# Uber vs. Doordash vs. Postmates need your input



## UberHayden (Dec 29, 2014)

I tried a small sample size (10) deliveries with Door Dash, so it is hard to draw a conclusion just yet, but maybe someone can help me here. After you get $5 for a delivery, most tip the minimum 15% - or $2-3 - every trip averages $8, besides the occasional larger order or big tipper. Most would get almost exactly 1.5 deliveries/hour. So this is $12/hour. Uber has proven to be more for me, BUT more wear on the car. I guess my question to you Door Dashers are:

A. Is there more money on Door Dash, or am I right? Is this $9-12/hour, which sucks. 
I have yet to use Postmates so;
B. How is Postmates? Can I make closer to the $15/hr mark?

I am also aware of Uber Eats, but highly uninterested as there is no tipping, that is a no go. 
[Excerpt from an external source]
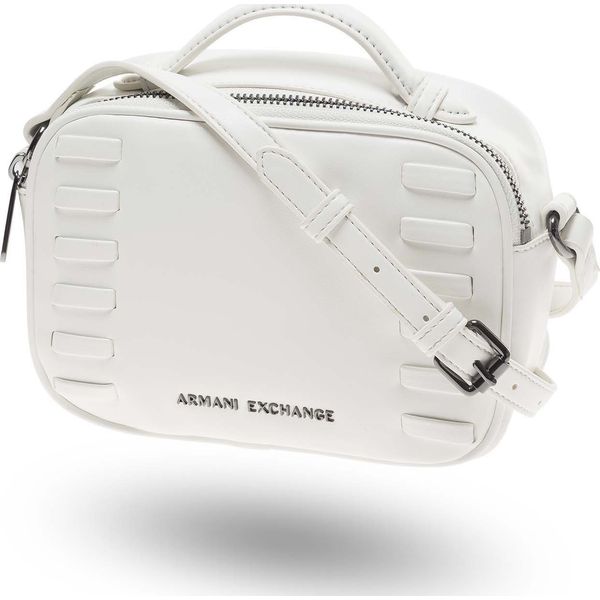 Torebka Armani Exchange. Czarne torebki do ręki damskie Armani Exchange, bez wzorów, wizytowe, bez dodatków. Za 586.99 zł.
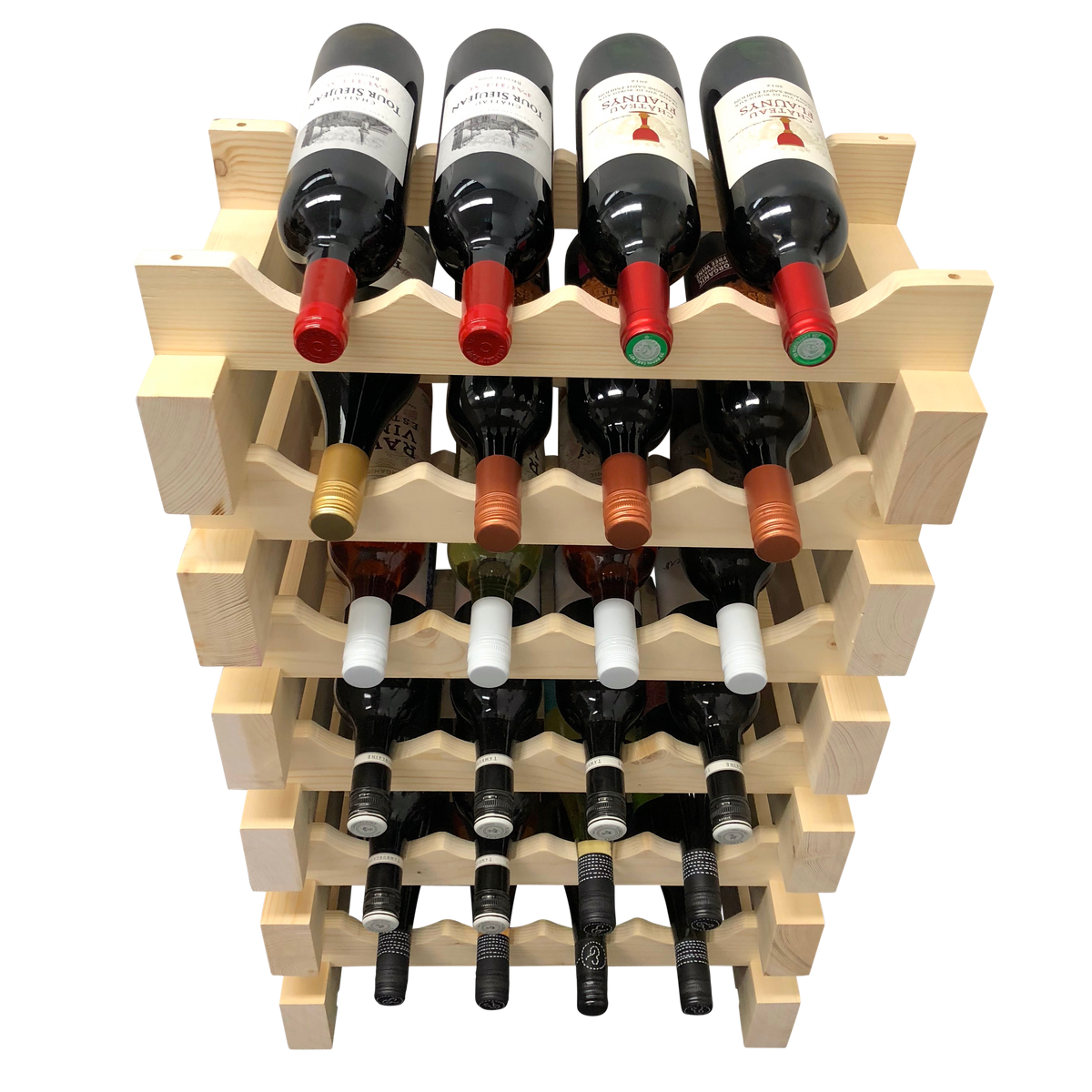 24 Bottle Modular Wine Rack Kit (4 Bottles Wide X 6 Bottles High) - Wine Stash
any extra advice or input is appreciated... I am in Orange County and the nearest high dollar area would probably be Newport or further South...


----------



## ITminion (Nov 30, 2016)

I'm in Sacramento and I consistently average out at $16-20/hr on any given night. I only do nights after 5pm. Most people tip pretty well up here, also the area isn't over-saturated with drivers yet, so it's consistently busy and the money is still good here. I usually have 3-4 orders an hour.


----------



## Alex Driver (Jul 26, 2018)

In terms of customers, Uber is the best you'll find. You'll still get your occasional BS, but the people of Panda Express, McDonalds, IHOP, and bar food are a LOT nicer than the entitled BS you will find doing DD or Postmates. I have not had a better experience with any other company other than Uber. Lyft sucked, Doordash sucked, but Uber driving for passenger is very good. UberEats is very good too. If you're going to do DoorDash, make sure you don't put up with BS. You will be left feeling discouraged and pissed off.


----------



## johnx (Jul 29, 2017)

I think $12 is an industry standard. People say they make more per hour all the time, but if you average out TOTAL time for just about any of these services and deduct TOTAL costs, you end up with around $10-$12 an hour.


----------



## dryverjohn (Jun 3, 2018)

Just completed the Postmates guarantee, 65 deliveries for $550. They are going to have to bump me up. Waiting for a few tips to clear, but I am at $480 with tips included on those 65 trips. It took me 6 days and I was doing Uber eats at the same time. Anytime I had to wait for an order I would leave and do an Ubereats run if available. What I absolutely hate about Postmates is having to order the food and wait. I could make a lot more if the food order was called in like Ubereats. Tips are much better with Postmates vs Driving, but the downtime waiting for food kills your income. I called in as many orders as I could. However, a lot of restaurants won't allow you to order for Postmates. I would lie to get some done, but that didn't always work. Overall, Postmates sucks. Do the guarantee, so you don't care about the tips. Take the 7/11 and burger king runs. But cancel anything that is far away. 
The one good thing is their routing and giving you another delivery before you finish the first. I can stay busy 5.-11pm everyday, too bad the pay is no better per hour than driving. It is a good supplement, for slow days. However, your car will smell like fries after picking up a huge order from five guys for a guy that doesn't leave his 3rd floor apartment.


----------



## Ab85 (Jul 17, 2016)

Only way is to run a few apps together


----------